WHAT TO PRODUCE
Look at every line below and count those containing "Sleeve". Answer with the number only.

### SUPPLIED MATERIAL ###

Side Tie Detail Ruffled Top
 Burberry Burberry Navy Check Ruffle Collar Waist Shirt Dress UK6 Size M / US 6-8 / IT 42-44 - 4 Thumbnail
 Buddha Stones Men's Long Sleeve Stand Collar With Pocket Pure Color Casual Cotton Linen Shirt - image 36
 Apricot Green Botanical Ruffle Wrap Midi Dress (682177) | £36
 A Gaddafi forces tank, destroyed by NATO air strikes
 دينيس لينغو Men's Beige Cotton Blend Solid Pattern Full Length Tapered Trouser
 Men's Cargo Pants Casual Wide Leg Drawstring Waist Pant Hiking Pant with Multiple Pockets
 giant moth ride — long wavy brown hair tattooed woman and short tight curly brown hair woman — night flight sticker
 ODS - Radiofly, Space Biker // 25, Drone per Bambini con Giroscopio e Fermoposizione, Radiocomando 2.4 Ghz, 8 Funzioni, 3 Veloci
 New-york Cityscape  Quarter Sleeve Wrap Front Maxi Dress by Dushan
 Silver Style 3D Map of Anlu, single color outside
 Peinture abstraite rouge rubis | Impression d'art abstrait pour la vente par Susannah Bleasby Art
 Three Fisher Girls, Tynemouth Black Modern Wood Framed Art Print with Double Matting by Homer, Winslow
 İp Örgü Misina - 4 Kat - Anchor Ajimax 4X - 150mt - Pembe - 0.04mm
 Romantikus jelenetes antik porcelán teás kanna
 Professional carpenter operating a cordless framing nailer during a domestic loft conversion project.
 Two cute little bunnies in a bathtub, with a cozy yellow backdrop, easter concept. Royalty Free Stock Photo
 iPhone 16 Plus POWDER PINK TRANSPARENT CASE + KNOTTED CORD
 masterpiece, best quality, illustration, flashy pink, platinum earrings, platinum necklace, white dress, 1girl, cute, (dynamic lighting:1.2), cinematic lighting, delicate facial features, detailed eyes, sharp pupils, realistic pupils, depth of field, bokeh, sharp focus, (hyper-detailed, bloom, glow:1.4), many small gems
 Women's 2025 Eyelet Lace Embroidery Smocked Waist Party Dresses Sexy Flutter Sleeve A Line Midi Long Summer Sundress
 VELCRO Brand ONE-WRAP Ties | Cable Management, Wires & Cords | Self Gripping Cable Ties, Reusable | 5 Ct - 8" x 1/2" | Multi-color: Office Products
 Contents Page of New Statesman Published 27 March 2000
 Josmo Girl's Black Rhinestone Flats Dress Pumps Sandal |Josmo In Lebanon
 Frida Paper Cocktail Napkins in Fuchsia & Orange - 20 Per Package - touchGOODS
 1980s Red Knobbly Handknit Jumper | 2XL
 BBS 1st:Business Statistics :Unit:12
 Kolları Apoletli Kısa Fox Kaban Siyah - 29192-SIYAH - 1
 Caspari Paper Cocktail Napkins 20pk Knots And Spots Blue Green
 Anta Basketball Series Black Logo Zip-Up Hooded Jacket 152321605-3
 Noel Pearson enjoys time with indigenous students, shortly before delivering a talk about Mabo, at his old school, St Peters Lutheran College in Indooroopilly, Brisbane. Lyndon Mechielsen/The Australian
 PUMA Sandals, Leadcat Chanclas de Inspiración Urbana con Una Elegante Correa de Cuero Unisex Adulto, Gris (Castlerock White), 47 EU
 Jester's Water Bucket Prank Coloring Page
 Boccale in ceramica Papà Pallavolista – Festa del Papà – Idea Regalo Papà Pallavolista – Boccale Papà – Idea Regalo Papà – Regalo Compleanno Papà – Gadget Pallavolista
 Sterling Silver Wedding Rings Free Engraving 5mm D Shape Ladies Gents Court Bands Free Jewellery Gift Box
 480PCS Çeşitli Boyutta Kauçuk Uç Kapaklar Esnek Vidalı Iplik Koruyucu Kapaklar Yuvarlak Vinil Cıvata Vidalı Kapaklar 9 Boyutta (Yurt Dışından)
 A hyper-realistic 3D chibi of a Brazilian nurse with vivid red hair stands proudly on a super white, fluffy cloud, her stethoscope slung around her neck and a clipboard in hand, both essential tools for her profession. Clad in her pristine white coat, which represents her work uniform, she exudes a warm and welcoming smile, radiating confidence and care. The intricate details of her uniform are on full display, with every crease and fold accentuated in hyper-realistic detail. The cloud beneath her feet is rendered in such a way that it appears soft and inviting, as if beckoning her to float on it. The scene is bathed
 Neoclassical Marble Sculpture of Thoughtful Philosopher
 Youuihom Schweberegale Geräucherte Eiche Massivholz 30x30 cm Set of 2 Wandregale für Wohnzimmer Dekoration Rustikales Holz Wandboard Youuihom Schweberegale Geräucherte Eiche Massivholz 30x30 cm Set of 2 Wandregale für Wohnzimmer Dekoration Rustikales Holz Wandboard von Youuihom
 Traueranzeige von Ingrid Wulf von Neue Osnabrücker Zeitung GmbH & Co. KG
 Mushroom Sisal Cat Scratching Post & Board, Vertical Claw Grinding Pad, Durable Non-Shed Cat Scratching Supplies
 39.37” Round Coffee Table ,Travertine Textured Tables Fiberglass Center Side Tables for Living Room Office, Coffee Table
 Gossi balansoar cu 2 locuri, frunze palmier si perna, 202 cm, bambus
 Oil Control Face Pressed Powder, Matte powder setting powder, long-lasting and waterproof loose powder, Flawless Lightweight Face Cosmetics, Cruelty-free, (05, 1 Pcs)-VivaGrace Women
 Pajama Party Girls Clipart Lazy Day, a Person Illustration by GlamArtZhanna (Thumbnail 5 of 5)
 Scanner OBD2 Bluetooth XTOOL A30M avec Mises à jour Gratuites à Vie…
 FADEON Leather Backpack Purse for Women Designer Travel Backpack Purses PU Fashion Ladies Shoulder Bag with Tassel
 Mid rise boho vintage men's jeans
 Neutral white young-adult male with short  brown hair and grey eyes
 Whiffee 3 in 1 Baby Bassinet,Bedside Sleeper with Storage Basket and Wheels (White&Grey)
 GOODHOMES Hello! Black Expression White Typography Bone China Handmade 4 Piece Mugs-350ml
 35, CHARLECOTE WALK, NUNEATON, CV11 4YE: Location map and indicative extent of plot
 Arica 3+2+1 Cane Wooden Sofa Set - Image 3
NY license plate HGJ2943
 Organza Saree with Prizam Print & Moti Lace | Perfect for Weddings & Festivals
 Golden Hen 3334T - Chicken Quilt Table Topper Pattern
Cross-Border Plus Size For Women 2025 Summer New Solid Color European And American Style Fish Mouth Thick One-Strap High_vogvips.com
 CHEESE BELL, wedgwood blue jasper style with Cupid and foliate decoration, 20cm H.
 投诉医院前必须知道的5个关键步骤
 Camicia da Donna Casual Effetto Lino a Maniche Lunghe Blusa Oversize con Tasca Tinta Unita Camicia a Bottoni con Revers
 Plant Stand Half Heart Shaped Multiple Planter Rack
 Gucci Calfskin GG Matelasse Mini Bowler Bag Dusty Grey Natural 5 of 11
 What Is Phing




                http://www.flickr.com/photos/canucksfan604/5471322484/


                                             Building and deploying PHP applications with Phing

###

YOUR RESPONSE
3